米Googleの書籍全文検索サービス「Google Books」が著作権侵害にあたるとして、米国作家協会Authors Guildや著作者らが同社を提訴していた裁判で、米第2巡回区連邦控訴裁判所は現地時間2015年10月16日、米ニューヨーク州南地区連邦地方裁判所の判断を支持し、原告側の主張を退けた。

 Authors Guildは、「『フェアユース』を誤って解釈した地裁の裁決を覆さなかった控訴裁の判断に失望している」との声明を同日発表。米最高裁判所に上訴する意向を明らかにした。
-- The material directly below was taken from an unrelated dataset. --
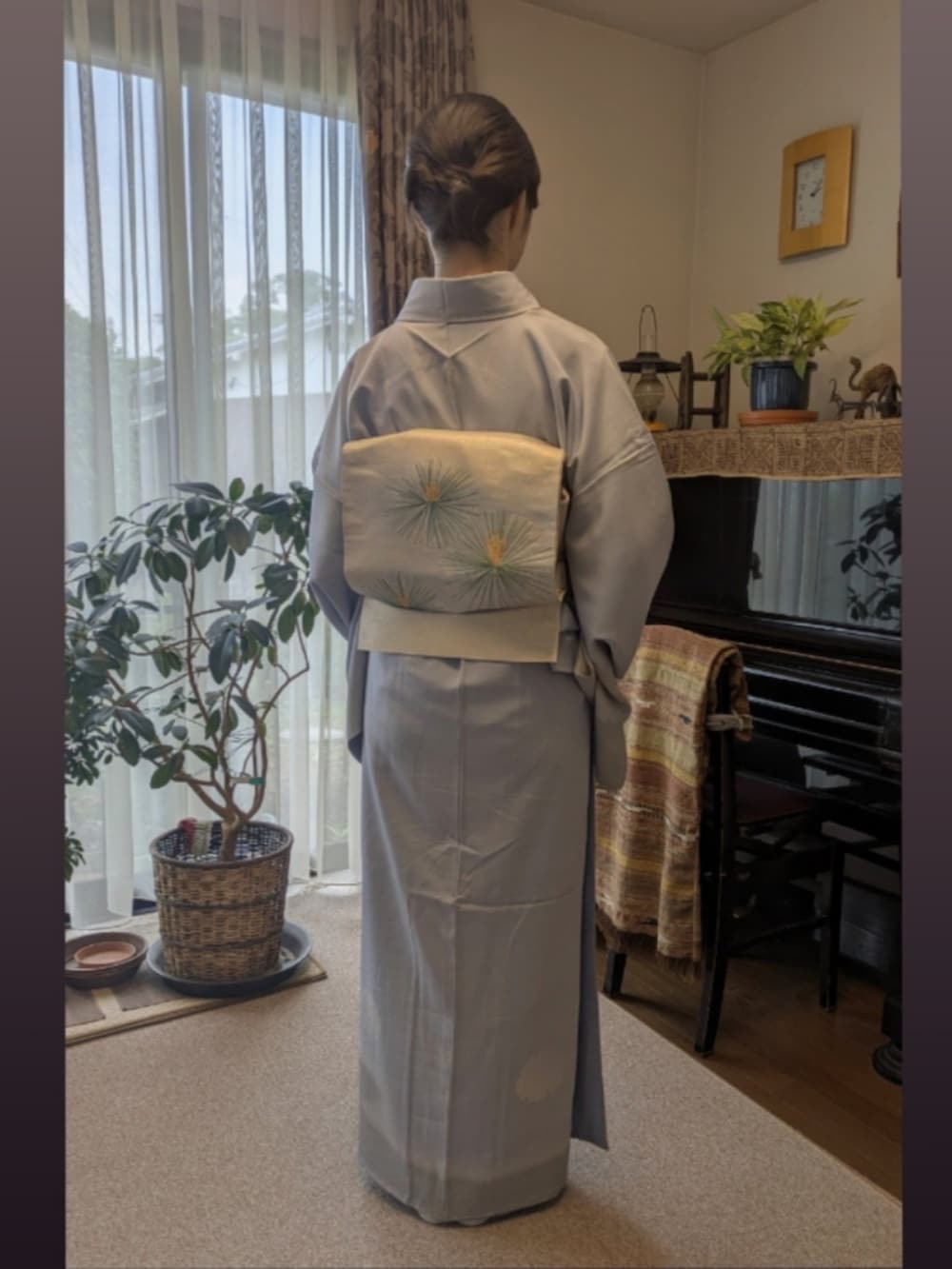 「着物、着物コーデ」｜「江戸小紋のアイテム（着物、ブルー系）」を使った、kkgnu2msさん（レディース・168cm）の夏コーディネートの2枚目の写真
 Google Booksは、公共図書館や大学図書館の蔵書をデジタル化し、インターネットで検索・閲覧可能にしたサービス。Authors Guildや出版業界は2005年に、Google Books(当時の名称は「Google Book Search」)が著作権侵害に当たるとして同社を提訴。2008年にGoogleが一定の金額を払うことなどで和解に合意したものの、2011年に地裁が和解の承認を拒否。訴訟は振り出しに戻り、2013年11月に地裁は「Google Booksはフェアユースの範囲」とするGoogleの主張を認める判断を下した(関連記事:「Google Books」を巡る係争でGoogleが勝利、フェアユースの主張が認められる)。原告側はこれを不服として控訴していた。

 今回控訴裁は、Google Booksでの検索は全文が対象であるものの、検索の結果閲覧できるのは書籍の一部に限られ、すべての内容を参照する手段は提供していないことなどから、「フェアユースを侵害しておらず、著作権法に違反しない」と結論付けた。